The procedure starts with the bottom row in the array, in the `for @btree.reverse -> \$row` loop; `(7, 2, *, *, *, 1)`, and generates nodes for the integer values. The `@old-nodes` array is empty, so none of them has any children. The nodes, with the strings «*» in between, are placed in «@new-nodes».

The second iteration uses the row above; `(11, *, 13, 9)`. The result from the first iteration (a list of objects) are moved to `@old-nodes`- For each of values in the list that is an integer, it creates a new node, with the children taken from the `@old-nodes` array (with `shift`). If the object is a string «*» we use the `Any` (undefined) value to indicate that there is no child.

This goes on, until we reach the top row and finishes. The result is an array with a single element. This element is the whole tree.

[1] Note the new argument giving the sum, and the default value of 22.

[2] The binary tree, on the syntax as described above.

[3] The old nodes, i.e. the ones in the row below the current one.

[4] The new nodes, which we create as we parse the current row.

[5] For each row in the three, starting at the bottom.

[6] Get the list of elements from the tree row.

[7] Put the nodes from the row below (the iteration before the current one) in the old nodes.

[8] Clear the new nodes (as we are staring with a new row).
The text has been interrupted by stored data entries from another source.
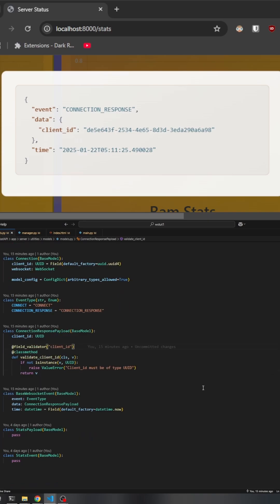The base WebSocket event is a generic model designed to standardize the structure of messages sent over the WebSocket. It ensures that every message, regardless of the event type, contains a consistent format with an event type, associated data, and a timestamp. This structured approach facilitates easier processing and handling of different types of events on the client side, as the client can always expect messages to follow this uniform structure.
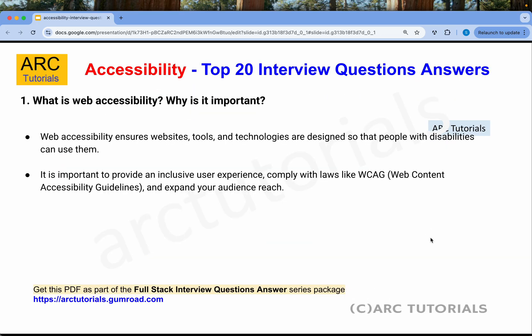The first question: what is web accessibility and why is it important? Web accessibility ensures that websites, tools, and technologies are designed for people with disabilities. For example, if somebody is not able to use their hands, or they are visually impaired, tabbing and appropriate colors come into picture. It's important to have an inclusive user experience and comply with laws like WCAG, which is Web Content Accessibility Guidelines.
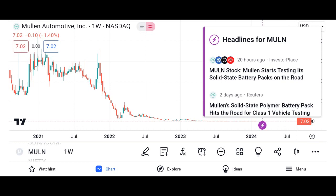Conclusion. Summarize the key points discussed in the video, emphasizing Micron's strengths, opportunities, and potential risks. Encourage viewers to conduct their own research and consult with financial advisors before making investment decisions. Thank viewers for watching and invite them to like, share, and subscribe to the channel for more content.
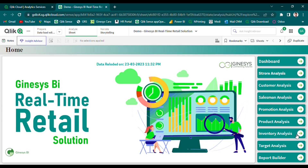We are excited to announce our new web-based BI solution that delivers near real-time sales and stock analysis with a latency of just one-hour intervals. Our solution includes granular data analyses for stores, such as promotions, customers, and hourly analysis, as well as organizational sales and inventory dashboards that provide a 360-degree view of your business.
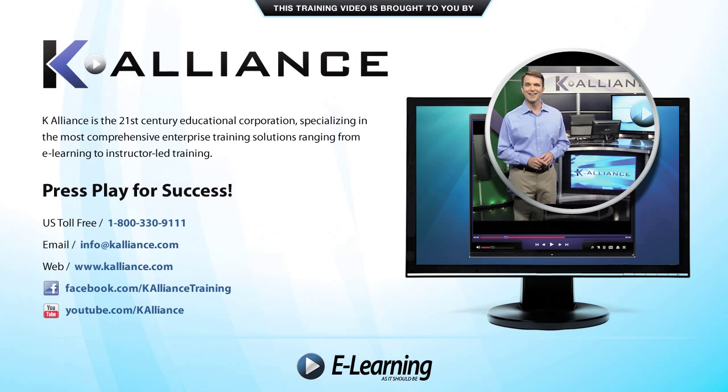This training video is brought to you by K-Alliance. K-Alliance is the 21st century educational corporation specializing in the most comprehensive enterprise training solutions, ranging from e-learning to instructor-led training. Press play for success!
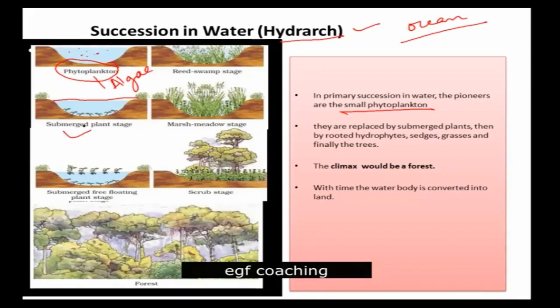After that, we have the submerged plant stage — plants that are submerged in water. After that, it is the submerged and free floating stage, where plants are both submerged in and freely floating in water.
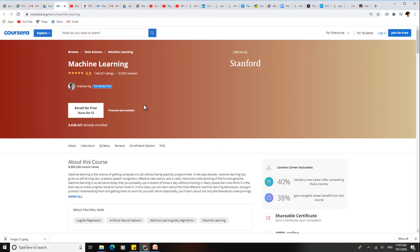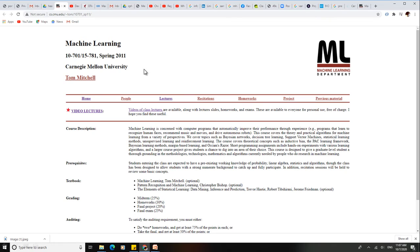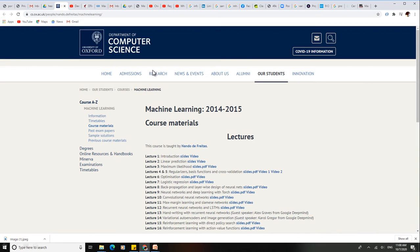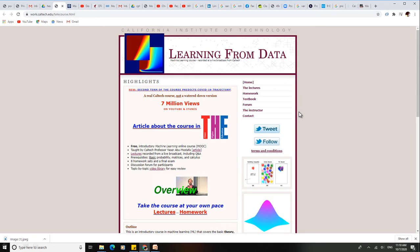Ok, this is the website of Coursera Machine Learning. This is the website of Carnegie Mellon University. And this is the website of Oxford University for Machine Learning. And this is the Learning from Data website.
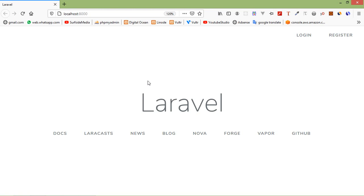Hi everyone, welcome back to the Laravel 7 tutorial. In this video we are going to learn about helpers. Helpers in Laravel are built-in utility functions that we can call from anywhere within our application. If they hadn't been provided by the core framework, we might have ended up developing our own helpers.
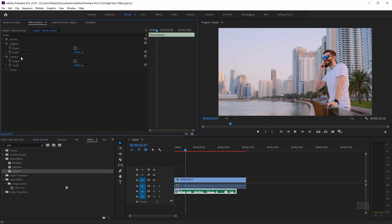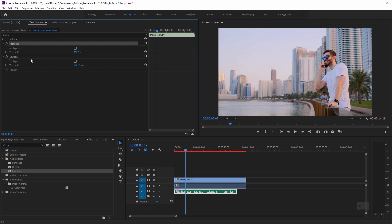We have both the high pass and low pass filters here. We'll start off with the high pass filter. This effect removes frequencies below the specified cutoff frequency, and the setting I found that works best for this is 700 hertz. And the low pass filter eliminates frequencies above the specified cutoff.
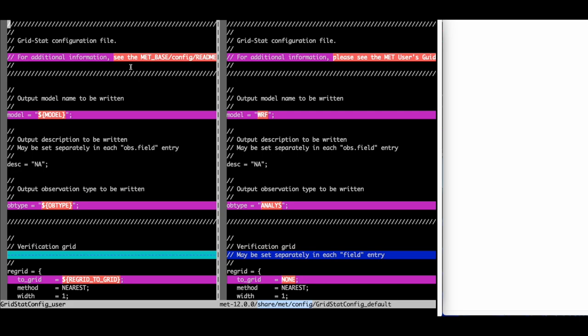VimDiff highlights lines that contain differences in purple with the text that differs highlighted in orange. Text following two forward slashes are comments that are not read by the config file parser. These differences can be ignored.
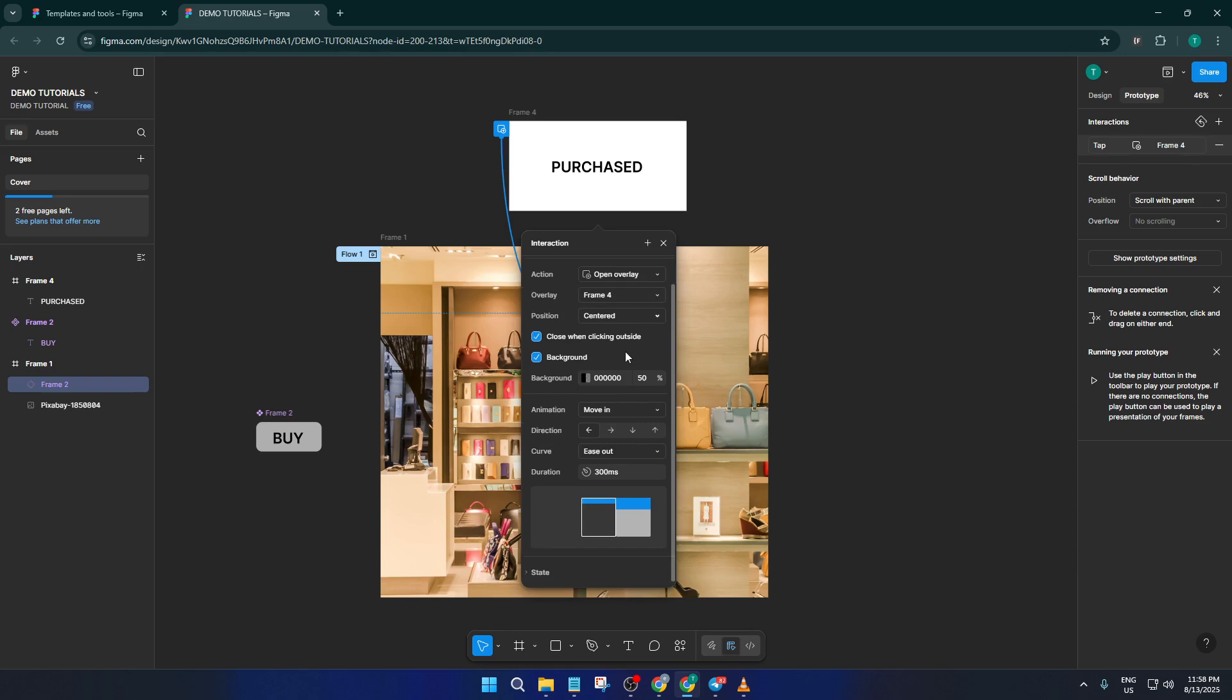Enable a background with 50% opacity. This gives your pop-up that nice dimming effect behind it, so the focus stays right where you want it—on your pop-up. Last touch here, add a move-in animation with a duration of 500 milliseconds.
[9] Iterate over the values in the current row.

[10] If the value is «*», we simply push the value to the new nodes list [10a] and continue with the next value [10b].

[11] Get the left child from the old nodes array. If the value is undefined (detected with the defined-or operator `//`), use "*" instead. Then set it to `Any` (which is the undefined value), if it is «*». If we skip the `//` part, the comparison will fail if the value is undefined.

[12] As [11], for the right child.

[13] Create the new node, with the children (if any).

[14] When the recursion has finished, we are left with an array with a single element. That is the binary tree (or the top node).

[15] Traverse the binary tree.

[16] The recursiveprocedure. See «path-sum2» for the procedure body.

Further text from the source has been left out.